The final row shows a pair of Highland infantrymen, who are presumably included as part of the reason for the disaster suffered by the French cavalry. In fact the kilted Highlanders were more heavily involved, and suffered many more casualties, at the battle of Quatre Bras, two days before Waterloo, when again they faced French cavalry, but they still took their place on the quieter, left side of the allied line at Waterloo, and repelled the same foe in the same way. Both men here are correctly done, wear the proper uniform and have the full set of equipment. Those with an eye for detail may like to know that both have a peak on their bonnet, and when looking at their shoulder straps we must say they seem to have something that is a compromise, something that is part tuft and part wing, which is perhaps deliberate to make them work as either centre or flank company men – little work would be needed to clearly mark them out as either. The first man is leaning forward, perhaps looking at one of the downed cavalrymen, but the second is in a much more generally useful pose, suitable for a square, for example. There are many Highlanders already on the market, but there is always room for more, and these are both very useable.
We have already mentioned three of the horses in conjunction with the figures, although there are two of each pose, but only one of each human. The remaining poses are one of a horse at the gallop, and one stopped and bending down to graze (though his neck seems a bit short). So basically these are all spare horses, and of course any scene after a charge would include many riderless horses running about, downed or simply stopped and with no one to tell them what to do next. Most have a sheepskin covering the saddle and a small rectangular shabraque, which makes them quite widely useable for different cavalry types. Horses at anything other than at the full gallop are also fairly rare in this hobby, so these make a great addition and are nicely done.

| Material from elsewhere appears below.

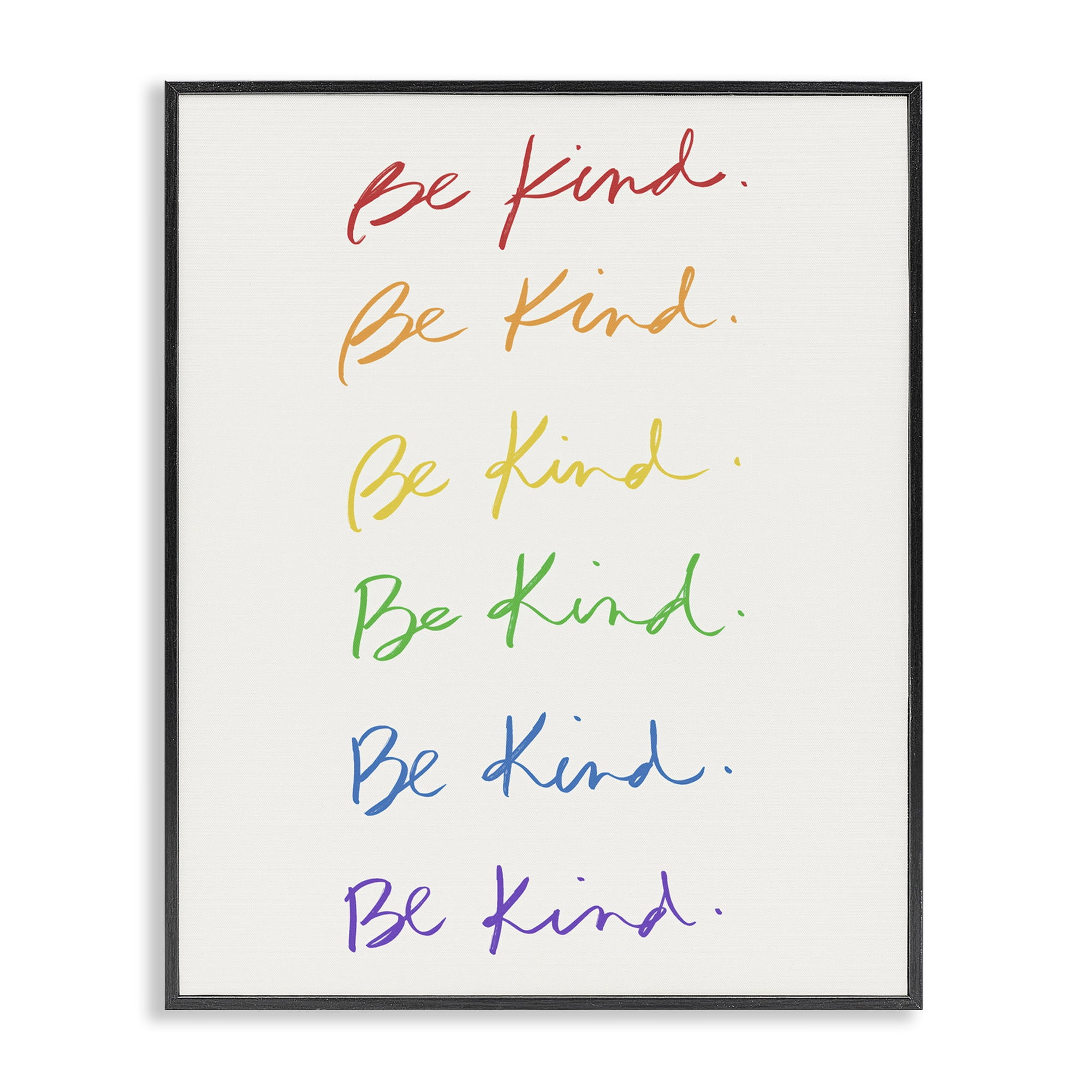 Stupell Industries Rainbow Be Kind Typography Painting Black Framed Art Print Wall Art, 11 x 14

All of the men in this set make quite high demands on the sculptor in terms of fine detail, and the sculpting largely meets the challenge, leaving us with some good-looking figures. Proportions are pretty good, in a rather solid style, and the sculptor has done particularly well to realise some quite complex poses without the need for any assembly. Cavalry figures are often very flat, but those in this set all look very natural, and should match well with the output from other manufacturers in recent years. The average size is a little on the high side, even allowing for the fact that heavy cavalry often attracted bigger men, but this is unlikely to be noticeable in a diorama that mixes figures from this and other sets. As we have already said, the detail on the helmets is particularly impressive (as are the feathers on the bonnets), even on those men facing the mould, but we were surprised to find that every man – even the Highlanders – wears his hair in a queue. This was not the custom by later in the Napoleonic Wars, but it is a simple job to cut this off with a knife. There is about an average amount of flash here, though some seams are quite clean. Bizarrely, the mess-tin on one of the Highlanders is half missing (the lower half), and the prone third dragoon actually has his arms some way off the ground – prone figures usually have a flat base, but not this man, so he will need to be pressed a little into the terrain to look reasonable.

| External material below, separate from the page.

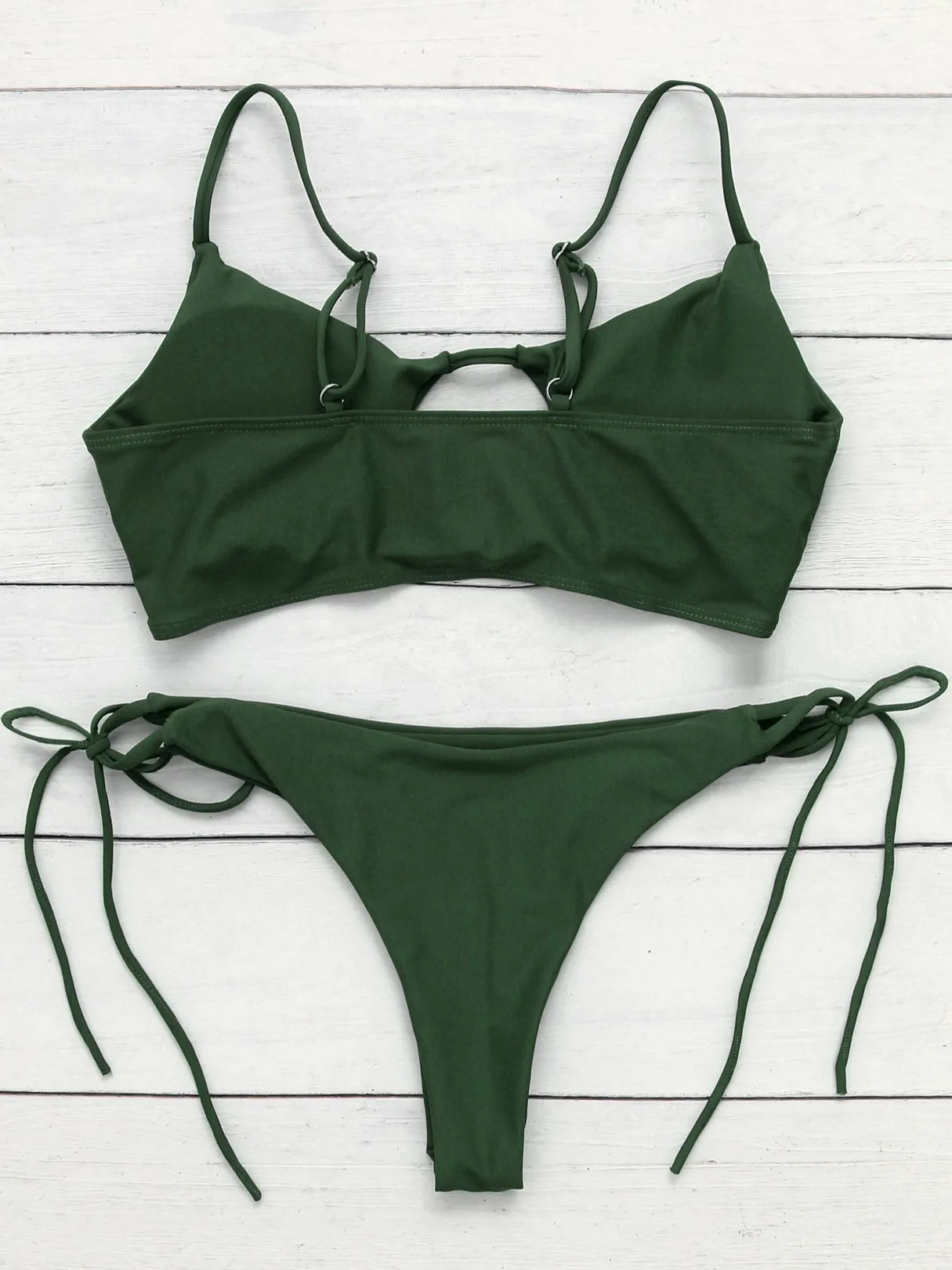 Custom Scoop Neck Plain Cut Out Tie-Up Sleeveless Bikini Set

There are some dramatic poses in this set, and they have been done very well, despite the challenges of the usual production method. Modelling cavalry charges is likely to remain very popular, and any diorama of the allied squares at Waterloo would undoubtedly need both casualties and dismounted men such as these. Had it been us designing this set, we would have skipped the Highlanders and provided a couple more dismounted cavalrymen, since they are still in short supply, but even as it is, this is a nicely produced and very welcome addition to the available range, and a must for any model of a French cavalry charge once it met with some response from the enemy.